Third Police Officer Who Responded To January 6 Capitol Attack Has Died By Suicide
Published in Aug 2021 / Updated in Sep 2021
It has been seven months since police officers responded to the attack on the U.S. Capitol on January 6. Two of these officers already killed themselves, and now, a third has made the shocking decision to end his life in an increasingly worrying trend.
According to media reports, 43-year-old Gunther Hashida committed suicide towards the end of July. Metro police spokesperson Kristen Metzger confirmed the death to the media.
The officer worked with the Emergency Response Team as part of the Special Operations Division.
On July 29, Hashida was found dead in his house. He was just about to turn 44 when he killed himself.
Previously, Capitol Police Officer Howard Liebengood and Metro Police Officer Jeffrey Smith committed suicide following the attacks on the U.S. Capitol.
Hashida has left behind a wife and three children, and a GoFundMe page has been set up to help cover his funeral expenses.
According to the statement on the page, Hashida worked hard to protect the public as part of the DC Metropolitan Police Department.

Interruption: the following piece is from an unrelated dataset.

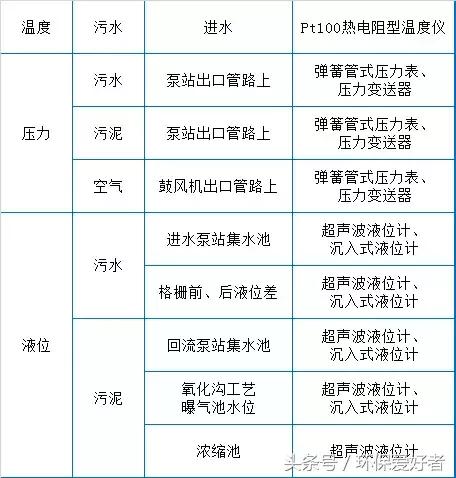 东莞洗砂泥浆压滤机进泥泵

The page goes on to explain that he was a loving and dedicated husband.
The Devastating Capitol Attack Left Many Police Officers Injured
During the January attack, over 100 police officers suffered injuries. After the attack on the Capitol, Donald Trump went through his second impeachment trial.
Eventually, over 500 people ended up under arrest following the harrowing incident.
Pro-Trump supporters protested the outcome of the presidential election results, which Trump insisted had been rigged in Biden’s favor.
Recently, police officers gave their testimonies to the House of Representatives regarding the incident.
Four of them claimed to have been beaten, taunted with racial insults, and threatened. They also thought they would die while trying to defend the Capitol.
These are some of the traumatizing experiences that might help explain why some of the officers decided to end their lives long after the attack.